General Protection Trap after r13630 (#998) combined with closed mpt driver
System panics with putback 13630 (#998 obsolete DMA driver interfaces should be removed) and closed mpt driver.
I tried those builds so far to test it:
r13629 - debug - is fine
r13630 - non debug - panics
# modinfo | grep mpt 57 fffffffff7a5b000 43720 69 1 mpt (MPT HBA Driver) 58 fffffffff7a88000 2b538 163 1 mpt_sas (MPTSAS HBA Driver 00.00.00.24)
non debug mpt: # mcs -p /kernel/drv/amd64/mpt /kernel/drv/amd64/mpt: @(#)SunOS 5.11 onnv-gate:2010-08-18 August 2010 mpt - debug: # mcs -p /mnt/x/kernel/drv/amd64/mpt /mnt/x/kernel/drv/amd64/mpt: @(#)SunOS 5.11 onnv-gate:2010-08-18 August 2010 @(#)SunOS Internal Development: 2010-Aug-18 [onnv-gate]
System Configuration: Supermicro X8DT3
# scanpci -v | grep -i lsi LSI Logic / Symbios Logic SAS1068E PCI-Express Fusion-MPT SAS LSI Logic / Symbios Logic SAS2008 PCI-Express Fusion-MPT SAS-2 [Falcon] CardVendor 0x1000 card 0x3020 (LSI Logic / Symbios Logic, Card unknown)
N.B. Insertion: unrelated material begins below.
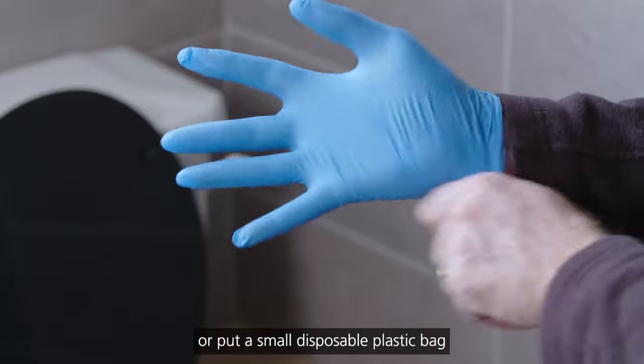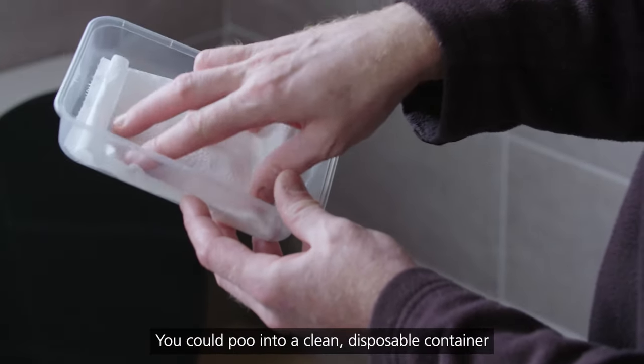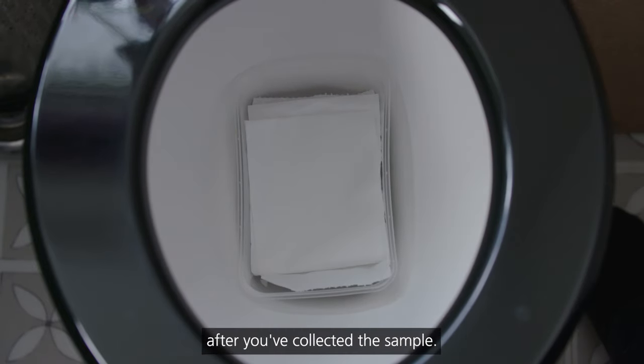Put a small disposable plastic bag or glove over your hand. Or you could poo into a clean disposable container lined with a sheet of toilet paper, so that you can easily slip the poo into the toilet after you've collected the sample.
A workaround is to boot with -B disable-mpt=true.
Updated by Rich Lowe over 9 years ago
From an email I sent earlier
So, we're at mpt_restart_io+7c in which we load r15 which is not a good pointer %r15 comes from mpt_restart_ioc+6f, which is loading %r8+a massive offset. %r8 comes from mpt_restart_ioc+5a, which is loading %r13+50, %r13 is an mpt_t (I figure you're bored by now, I can go further, but that's tracing %rdi through life, knowing that %rdi is an mpt_t based on the CTF info of that function) If we trace the offsets through ctf's type info (see ctfdump) we find that mpt_t+50 is mpt_t->m_active, which is a struct mpt_slots, mpt_slots is, happily, also huge! so that massive offset isn't a big deal WHOO!. mpt_slots+120a0 == m_slot+0
It looks like
m_slot is neither NULL, nor a valid pointer and we're crashing on it. (I say not NULL, because we check), and the specifics of the #GP seem to bear this out
Updated by Piotr Jasiukajtis over 9 years ago
Rich Lowe wrote:
This is a list of things I would try, without any real science to them at present:
- Boot with the IOMMU disabled
"-B intel-iommu=no" didn't help
- Boot the prior changeset, again, and make certain that one worked (just for paranoia).
Already done that.
Updated by Garrett D'Amore over 9 years ago
I've done some deep analysis here, and the problem is that mpt is using the devinfo structure internals directly, most likely via the DEVI macro, to determine whether the code is being called during attach or not, to decide whether to initialize the hardware.
The problem is that due to a change in the structure, it is confused, and doesn't think the device is attaching, and so winds up calling the reset logic before the rest of the data structure is initialized during its attach handler.
Its very very unfortunate that mpt is using this private interface.
I would love to remove the header from delivery, but it turns out that this header is exposed via libdevice, and a bunch of other things as well. So drivers that have incorrectly used this structure or the macro are going to suffer. To be clear: this is only a problem because mpt has incorrectly accessed internal details that it never should have.
The interim fix we should apply is to restore the pointer we removed, but we'll restore it as a void * with a name that indicates that the previous value is a placeholder.